Nemertes waves away Odlyzko by claiming that their discrepancy in data with his comes from the ‘secret Internet’ private backbones. Of course, that data Odlyzko can’t get from them is the same data Nemertes cannot get from them either. So we are left with an assertion without raw data.
The creepy part of all of this is, I could use Nemertes’ study to help the cause on StoptheCap! Nemertes says nothing about the need for usage caps and limits — it instead suggests that insufficient infrastructure spending will cause the Internet to brown out causing loss of innovation, jobs, and all the rest. So I could use Nemertes to justify why cable companies have a basic responsibility to stop cutting infrastructure spending and start increasing it, instead of capping people to ration the net.
But I won’t, because I have integrity. I realize that no report is worth mentioning as factual and accurate without the underlying assurance of its independence and lack of bias. As I wrote Mr. Ritter:
If you want to do reports for clients who subscribe to your service, then send them the results and don’t make them public. Let the clients make the report public, because they are effectively paying for it. It prevents the accusation you are astroturfing on their behalf by insulating their involvement and investment in the findings.
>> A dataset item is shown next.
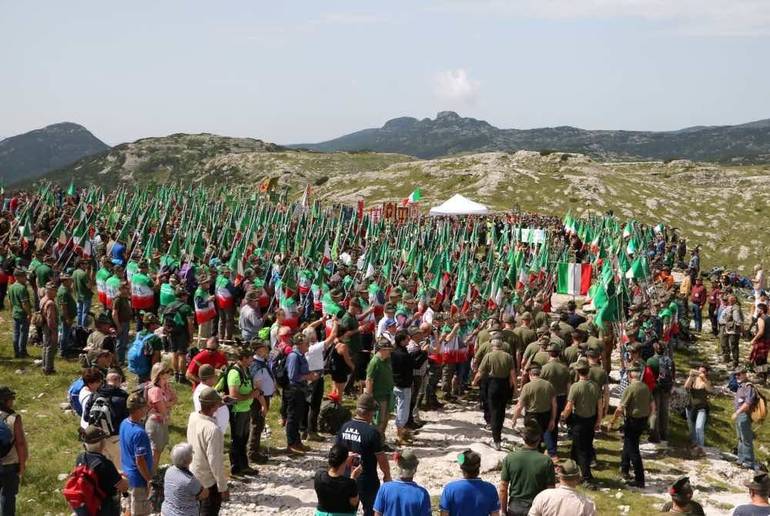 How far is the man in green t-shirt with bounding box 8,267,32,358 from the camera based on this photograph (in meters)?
16.4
Otherwise, a list of all supporting clients by name, in addition to whether they have been licensed to use the material, absolutely must be added to the bottom of your findings, or those findings are rightfully dismissed out of hand as bought and paid for.
Alternatively, if you are doing this in the public interest, do not accept funding from those with a vested interest in the findings, and do not license their use by anyone. Let people read them on your site, in full and in context, not after some marketing group has massaged the relevant points for their latest strategy.
Ultimately, I think Nemertes basic conclusion that the Internet is growing, and fast, is borne out by reality — just not at the panic stricken pace they suggest. I also think that just like every other technological challenge we have faced, innovation will bring solutions to problems we fear and panic about today, but aren’t that big of a deal tomorrow.
The short answer continues to be, upgrade the network. The bad answers include another effort by some of those that we’re likely to discover paying for Nemertes’ studies to advocate supersizing profits through reduction in competition, installing artificial usage limits to retard the growth curve, and trying to legislate protectionism for incumbent providers.